As soon as your meat of any kind is brought home from the butcher’s, wipe it with a clean dry cloth. If in summer you find any “fly-blows,” which is very common, cut them out at once, and no harm will be done. In the loins a long pipe runs by the bone; that should be taken out immediately, or in a few hours it will taint and spoil the whole joint. If the meat is not to be used at once, dredge it with pepper. Powdered charcoal dusted over meat will help to keep it sweet, or will remove any taint already begun. It is wise to keep charcoal on hand during warm weather; it is wonderfully efficacious in preserving meat, and, if dusted over it while hanging, it can all be washed off when you are ready to cook it. Most meat is more tender and easily digested if kept hanging some time, and charcoal is a great and reliable aid in preserving it. Lamb and veal cannot be kept as safely as beef and mutton.

In choosing Fowls, bear in mind that the male bird, if young, will have a smooth leg and a short spur, eyes bright and full, feet supple. The hen may be judged by the same signs, and if these are not found, be sure the birds are stale and old.

Ducks, geese, and pigeons should have pliable feet; if stiff, they are old. In all the vent should be firm; if discolored or flabby, they are stale. This last sign should be remembered in judging of all poultry or game.

The eyes of Fish should be bright, the gills clear red, body stiff, and smell not unpleasant,—or rather, not stale, for we imagine that fish can never be of a pleasant smell, however palatable it may be to the taste.

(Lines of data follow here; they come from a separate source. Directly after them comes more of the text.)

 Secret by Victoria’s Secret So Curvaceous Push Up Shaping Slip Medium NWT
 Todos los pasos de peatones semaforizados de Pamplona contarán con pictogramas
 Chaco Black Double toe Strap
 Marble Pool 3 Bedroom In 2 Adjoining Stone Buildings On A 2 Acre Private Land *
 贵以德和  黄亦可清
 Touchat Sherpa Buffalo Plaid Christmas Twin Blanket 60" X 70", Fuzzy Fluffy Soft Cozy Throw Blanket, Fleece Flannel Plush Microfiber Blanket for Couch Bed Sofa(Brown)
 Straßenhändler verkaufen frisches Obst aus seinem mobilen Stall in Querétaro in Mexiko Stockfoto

As far as possible, buy all stores by the quantity; if nothing else, you save the weight of paper, no small item in the course of a year; but there is always some reduction when an article is purchased at wholesale. You save the retail commission, if nothing more.

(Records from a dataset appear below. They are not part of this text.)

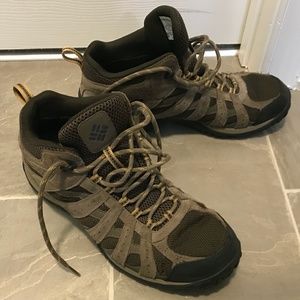 EXCELLENT CONDITION Men's Columbia Hiking Boots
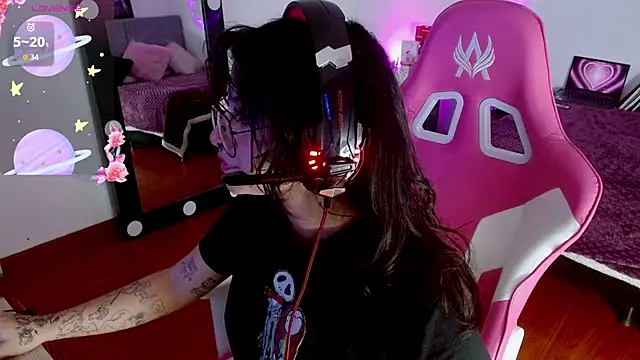 larah uwu online show from 09.15.25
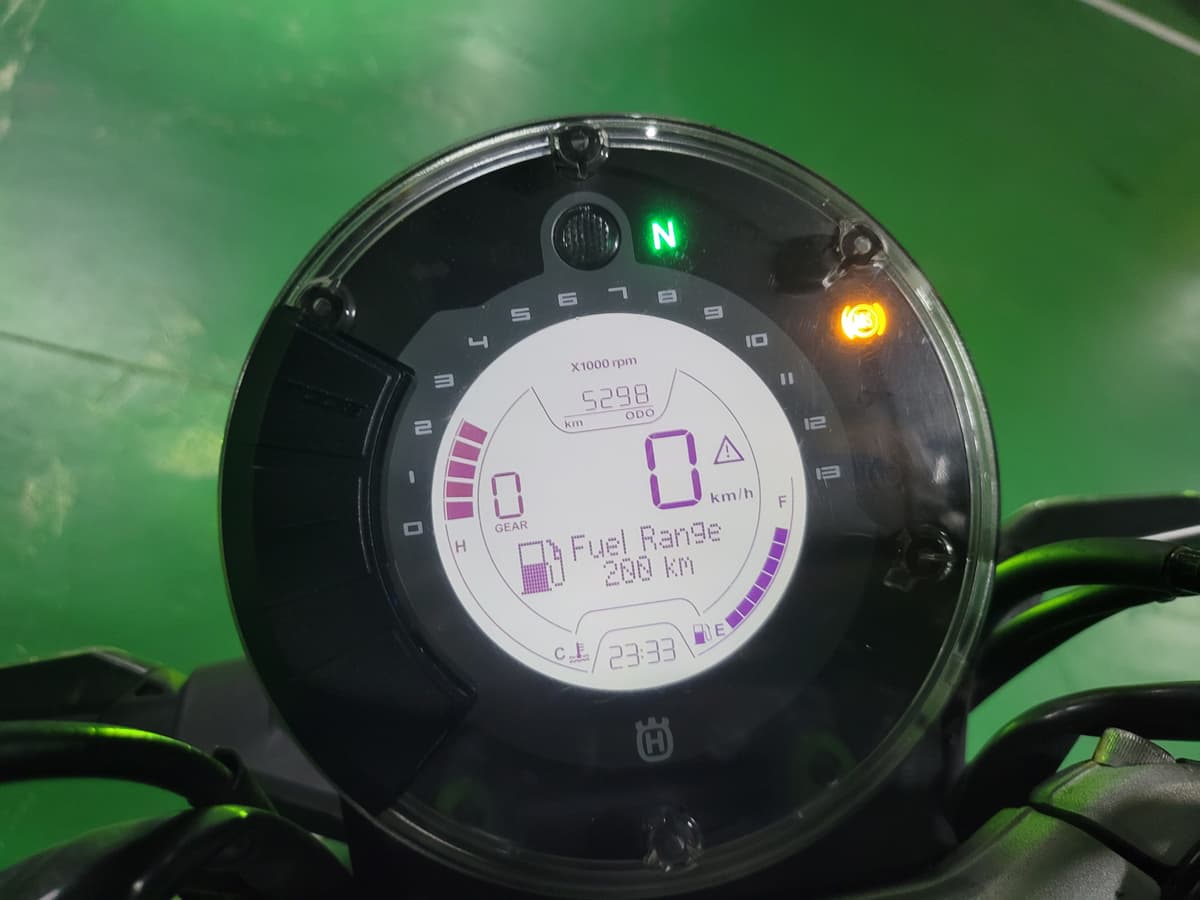 허스크바나 스바르트필렌 250 5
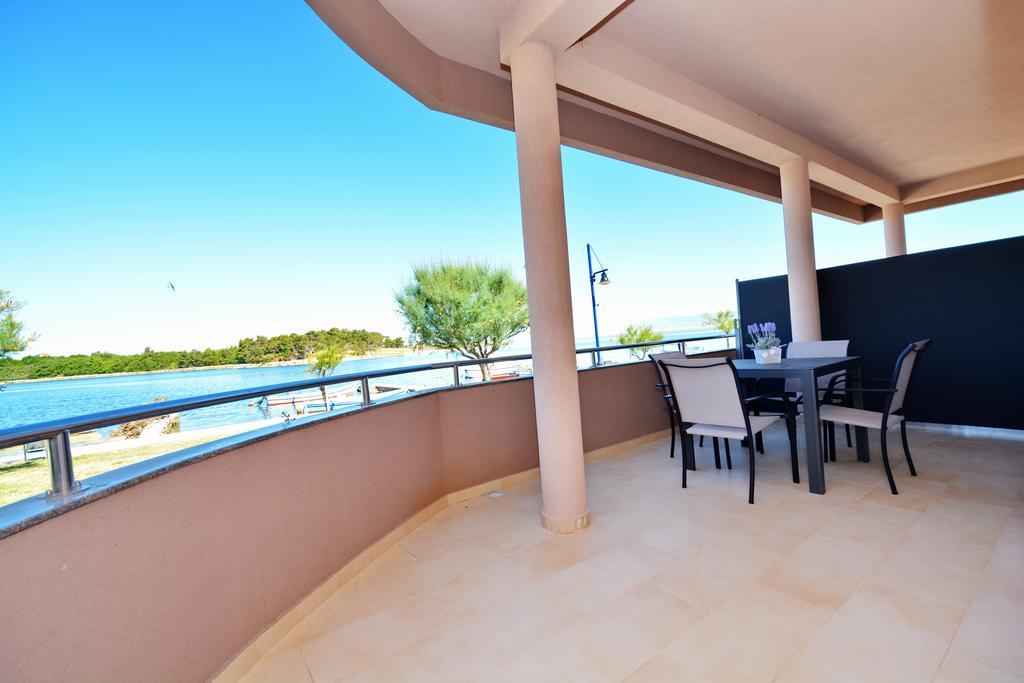 נין Apartments Clara מראה חיצוני תמונה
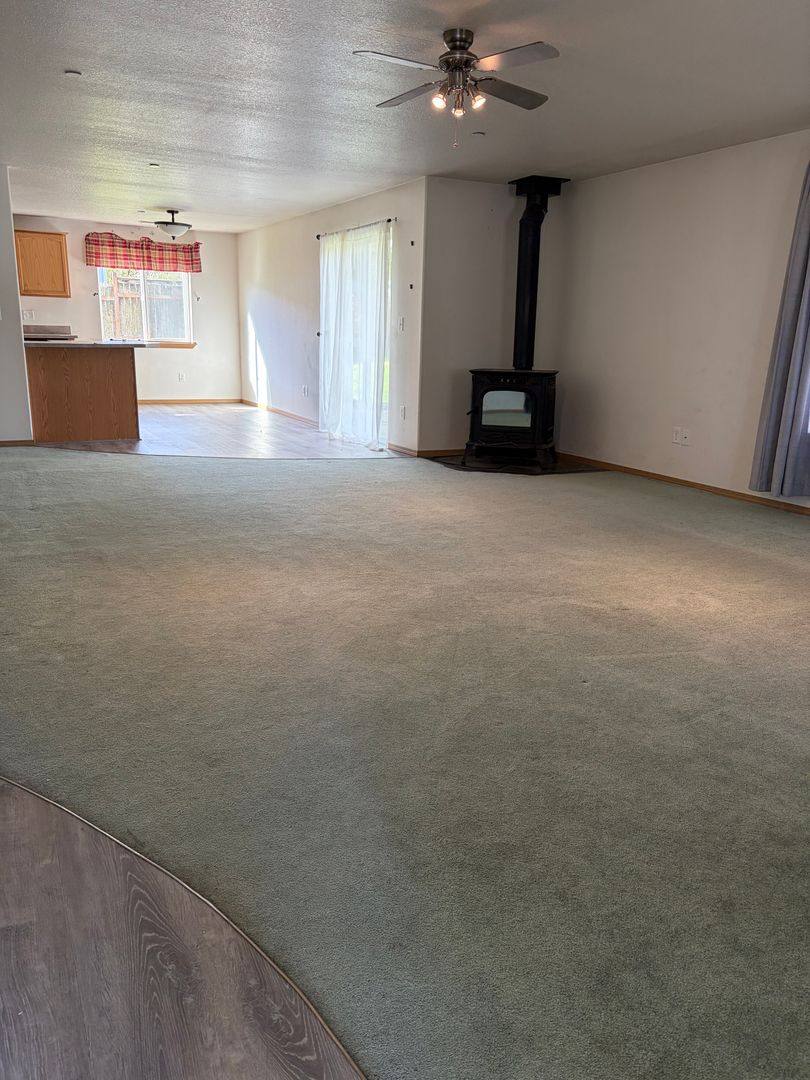 House for rent at 183 E Roosevelt St, Carlton, OR 97111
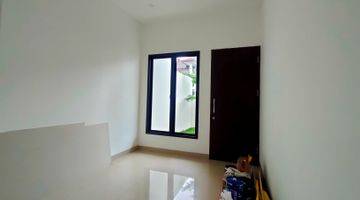 Gambar 4 Hunian Modern Minimalis 2LT Bagus, Siap Huni SHM Kalibata Timur 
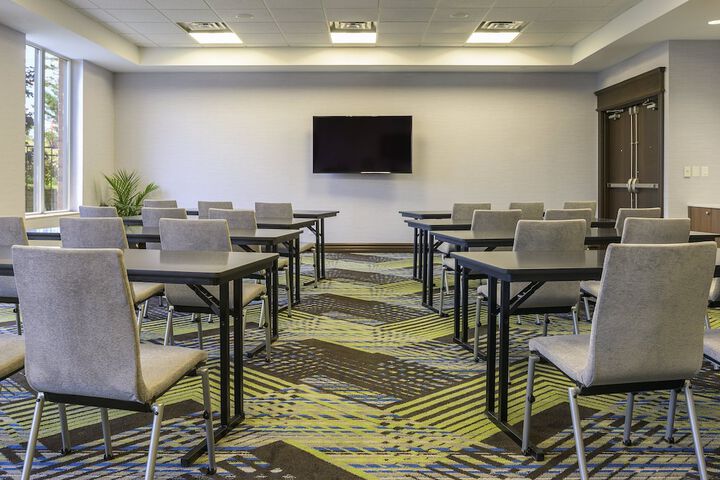 Holiday Inn Express & Suites North Bay by IHG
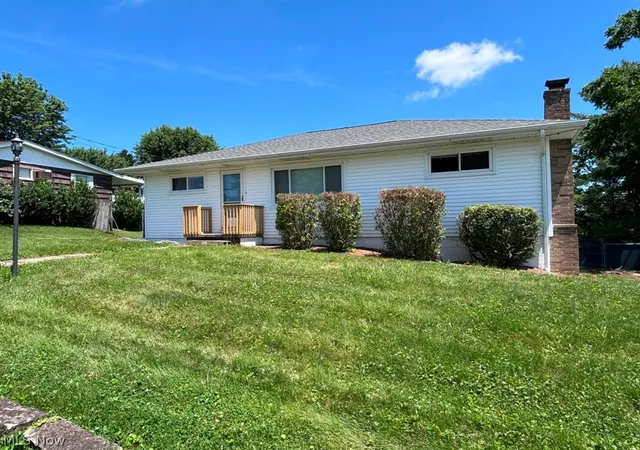 Photo 1 of Single family home for sale at 137 Loretta Ave, Follansbee, WV 26037 | MLS# 5225513 | Listing updated on 2026-08-02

In warm weather, meats, of course, cannot be bought in large quantities, unless for a large family who are in possession of a good ice-house. Rice, tapioca, raisins, etc., are an exception to this rule, for they should never be bought in large quantities, except for boarding-houses or hotels, as they are very easily filled with insects.

A store-room should be very dry, and supplied with a good number of shelves and drawers for stores of all kinds. A thick slab should be placed across from one end to the other, so high that nothing suspended from it will hit the head in passing through it. In this it is well to have some strong hooks to hang hams, dried beef, tongues, baskets, etc. A neat step-ladder should be kept in one corner, by which you can easily reach whatever is needed. These hooks are a great convenience, not only to put away your marketing, but so many things keep better for being suspended where there can be free circulation of air; and a store-room must be well ventilated. Eggs keep well hung up in a basket, or in nets made for that purpose. Buy your lemons in June and July, when freshest, cheapest, and most plentiful, by the box, and suspend them on these hooks in nets, and they will keep all summer.

XXV.
TRUST YOUR CHILDREN.

THERE is no lesson that so well repays the teacher as that by which children are taught to feel that they are trusted; that father and mother commit matters of importance to their care, with confidence that they will not disappoint them. Begin this teaching while the child is yet young. Of course you must gauge the importance of the trust by the age of the child, taking care that you do not tax the little one beyond its capacity, but being just as careful to have it understand that you are in earnest. It is a great event in a child’s life when it first feels that you look to it with loving confidence for the performance of certain duties that you have trusted to its honor. The feeling of responsibility which comes with this knowledge awakens self-respect, and the care and faithfulness which the youngest sees must be necessary to the satisfactory execution of the work will be good seed sown, which in after years will bear fruit, amply repaying all the trouble it cost to prepare the soil for its reception. That such teaching is not the easiest duty one can accept, every mother knows full well, and would much prefer to do the work herself, if conscience permitted, than be subjected to the tediousness and annoyance of drilling a child to do it. But this is a mother’s mission, which it is not wise to delegate to another.